Tutti felici e contenti alle spalle di chi fa fatica a mettere insieme il pranzo con la cena, mentre sarebbe bastato, una volta tanto, mostrare un po’ di coerenza con le tante promesse elettorali. Invece…
Ecco perché giudicare ridicola, falsa e ipocrita l’indignazione ora mostrata dal Pd è dire poco. C’è mai stato qualche mezzo di informazione che ha fatto sapere al cittadino i nomi dei deputati che si sono fatti beffe della decenza? Spulciando negli atti è venuto fuori l’elenco di chi ha tradito la fiducia popolare, ed è bene che il popolo ci mediti sopra, che comprende anche i nomi della cosiddetta minoranza interna del PD a partire da Bersani e Cuperlo in buona compagnia dei vari Rotta, Romano (transfuga di scelta civica), Realacci (difensore dell’ambiente), Quartapelle (che Renzi avrebbe voluto nominare addirittura ministro degli esteri), Richetti (finto oppositore di Renzi), Rosato (capogruppo del PD), Morani (vice capo gruppo PD), Giacomelli (sottosegretario allo sviluppo economico), Ascani (studente in filosofia), Garavini, (eletta all’estero), Gutgeld (consigliere economico di Renzi e responsabile della spending review), Fedi (eletto all’estero), Epifani (ex segretario generale della CGIL e ex segretario del partito), Carloni (moglie di Bassolino), Giachetti (aspirante a perdere sindaco di Roma) Porta (eletto all’estero) e tanti altri. Qualcuno potrebbe dire che in questa lista non ci sono altri nomi importanti del PD. Niente paura se si va a controllare il sito delle votazioni si scoprirà che non hanno avuto un sussulto di dignità per votare a favore, ma erano semplicemente assenti (Amici, Bindi, Boccuzzi, Boccia, Carbone, Boschi, Bonifazi, Colaninno, De Micheli, D’Attorre, Fiano, Farina (eletto all’estero) Gentiloni, Guerini, Migliore, Orfini, Morassut, Santelli, Scalfarotto, Stumpo, Speranza, Zoggia, Tinagli, Damiano, Madia, Franceschini, Fioroni, Orlando).

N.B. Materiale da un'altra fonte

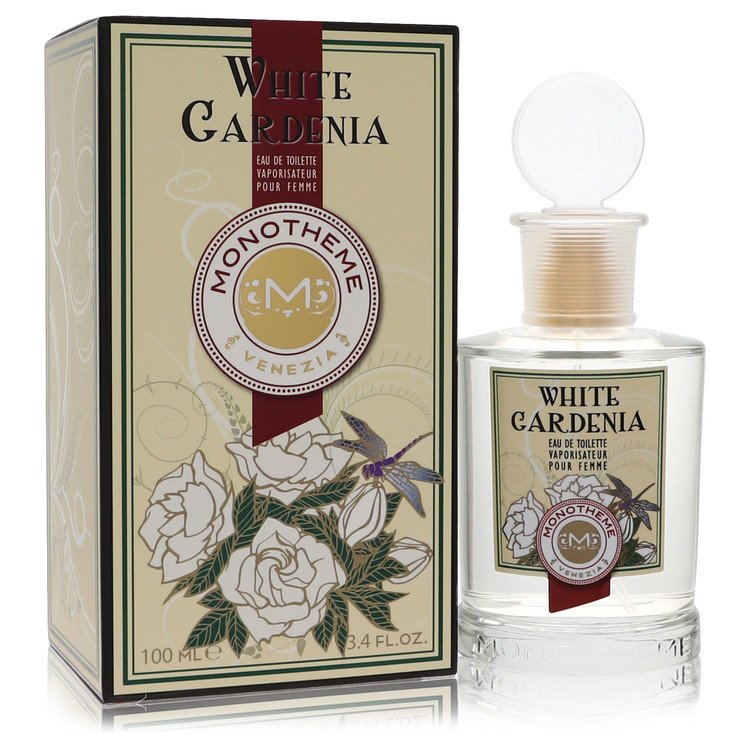 Monotheme White Gardenia Eau De Toilette Spray By Monotheme 3.4 oz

E poi si domandano ancora come mai il PD dal 40,8% delle elezioni europee sia sceso al limite del 30% ed abbia clamorosamente perso le elezioni amministrative in 18 Comuni su 19 ballottaggi! Si rassegnino. È solo questione di tempo per vedere la fine dei loro privilegi e dei loro amici dell’establishment.